Premium
The Cytochrome‐ c Binding Surface of Reaction Centers from Rhodobacter sphaeroides
Author(s) -
Tiede David M.,
Chang ChongHwan
Publication year - 1988
Publication title -
israel journal of chemistry
Language(s) - English
Resource type - Journals
SCImago Journal Rank - 0.908
H-Index - 54
eISSN - 1869-5868
pISSN - 0021-2148
DOI - 10.1002/ijch.198800029
Subject(s) - chemistry , rhodobacter sphaeroides , photosynthetic reaction centre , cytochrome , crystallography , periplasmic space , cytochrome c , protein subunit , stereochemistry , electron transfer , photochemistry , photosynthesis , enzyme , biochemistry , escherichia coli , mitochondrion , gene
In this paper, we describe the water‐exposed, periplasmic surface of the bacterial photosynthetic reaction center from Rhodobacter sphaeroides R‐26. This surface contains binding sites for c ‐type cytochromes.
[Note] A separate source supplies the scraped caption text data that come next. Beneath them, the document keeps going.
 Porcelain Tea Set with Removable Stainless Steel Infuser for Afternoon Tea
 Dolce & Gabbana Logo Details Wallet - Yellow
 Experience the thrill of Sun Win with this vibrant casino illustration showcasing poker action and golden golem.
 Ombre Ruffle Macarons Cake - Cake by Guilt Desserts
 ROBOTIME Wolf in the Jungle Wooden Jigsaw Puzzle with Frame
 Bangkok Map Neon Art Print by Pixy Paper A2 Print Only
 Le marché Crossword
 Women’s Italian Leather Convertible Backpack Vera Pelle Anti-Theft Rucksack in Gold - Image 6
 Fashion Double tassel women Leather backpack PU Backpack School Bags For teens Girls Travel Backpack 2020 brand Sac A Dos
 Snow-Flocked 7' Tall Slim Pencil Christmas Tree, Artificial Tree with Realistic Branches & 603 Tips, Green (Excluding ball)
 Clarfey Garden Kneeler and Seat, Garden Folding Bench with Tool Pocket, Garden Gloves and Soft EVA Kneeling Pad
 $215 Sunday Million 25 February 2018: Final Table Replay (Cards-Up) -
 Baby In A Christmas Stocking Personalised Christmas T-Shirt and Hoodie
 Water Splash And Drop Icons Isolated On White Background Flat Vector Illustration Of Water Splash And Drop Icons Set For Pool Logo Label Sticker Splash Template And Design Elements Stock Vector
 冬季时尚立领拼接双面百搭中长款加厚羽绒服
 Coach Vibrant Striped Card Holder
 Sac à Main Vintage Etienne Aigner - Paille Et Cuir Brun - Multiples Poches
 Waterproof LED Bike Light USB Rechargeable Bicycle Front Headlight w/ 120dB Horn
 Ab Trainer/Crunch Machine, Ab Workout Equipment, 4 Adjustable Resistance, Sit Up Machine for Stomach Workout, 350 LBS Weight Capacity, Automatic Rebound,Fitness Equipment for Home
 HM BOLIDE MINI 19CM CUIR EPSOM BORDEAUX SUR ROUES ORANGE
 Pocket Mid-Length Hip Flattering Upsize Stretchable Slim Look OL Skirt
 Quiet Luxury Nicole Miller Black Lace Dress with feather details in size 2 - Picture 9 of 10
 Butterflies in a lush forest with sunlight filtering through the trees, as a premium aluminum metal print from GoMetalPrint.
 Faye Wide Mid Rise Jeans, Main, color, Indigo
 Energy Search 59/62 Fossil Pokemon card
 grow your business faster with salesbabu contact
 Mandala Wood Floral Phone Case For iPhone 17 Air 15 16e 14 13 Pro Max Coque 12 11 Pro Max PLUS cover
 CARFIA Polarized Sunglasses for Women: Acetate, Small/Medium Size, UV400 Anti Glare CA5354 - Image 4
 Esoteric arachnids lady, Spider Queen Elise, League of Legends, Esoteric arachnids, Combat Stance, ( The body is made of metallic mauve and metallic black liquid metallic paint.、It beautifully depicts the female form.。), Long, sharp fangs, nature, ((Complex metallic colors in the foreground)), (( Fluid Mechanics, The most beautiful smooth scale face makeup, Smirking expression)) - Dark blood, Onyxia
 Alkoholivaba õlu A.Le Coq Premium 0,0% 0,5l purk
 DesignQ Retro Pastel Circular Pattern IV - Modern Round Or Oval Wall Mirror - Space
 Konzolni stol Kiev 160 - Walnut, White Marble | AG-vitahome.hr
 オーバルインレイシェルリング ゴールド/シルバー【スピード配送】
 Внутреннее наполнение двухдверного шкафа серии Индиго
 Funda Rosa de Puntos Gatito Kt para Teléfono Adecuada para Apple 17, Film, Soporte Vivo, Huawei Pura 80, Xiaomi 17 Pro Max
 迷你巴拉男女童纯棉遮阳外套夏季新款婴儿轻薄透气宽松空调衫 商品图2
The approximate two‐fold structural symmetry is evident in the folding of the L and M subunits of the reaction center on this surface. In spite of this, the distribution of charged residues shows a marked deviation from symmetry. One group of charged residues is distributed symmetrically. For this group, equivalently charged residues are located at symmetry‐related positions on both L and M subunits. However, charged residues are also found at positions which do not follow the two‐fold symmetry. Seven charged residues appear on the L and M subunits at positions which do not have a charged residue at the corresponding position on the other subunit. These symmetry‐breaking charged residues appear in a single region, or “patch”, on the surface of the reaction center. We propose that this patch may function as a site for cytochrome c docking. A model of the Rb. sphaeroides cytochrome c 2 ‐reaction center electron transfer complex has been built. Preliminary energy calculations show that this configuration is at least a local energy minimum.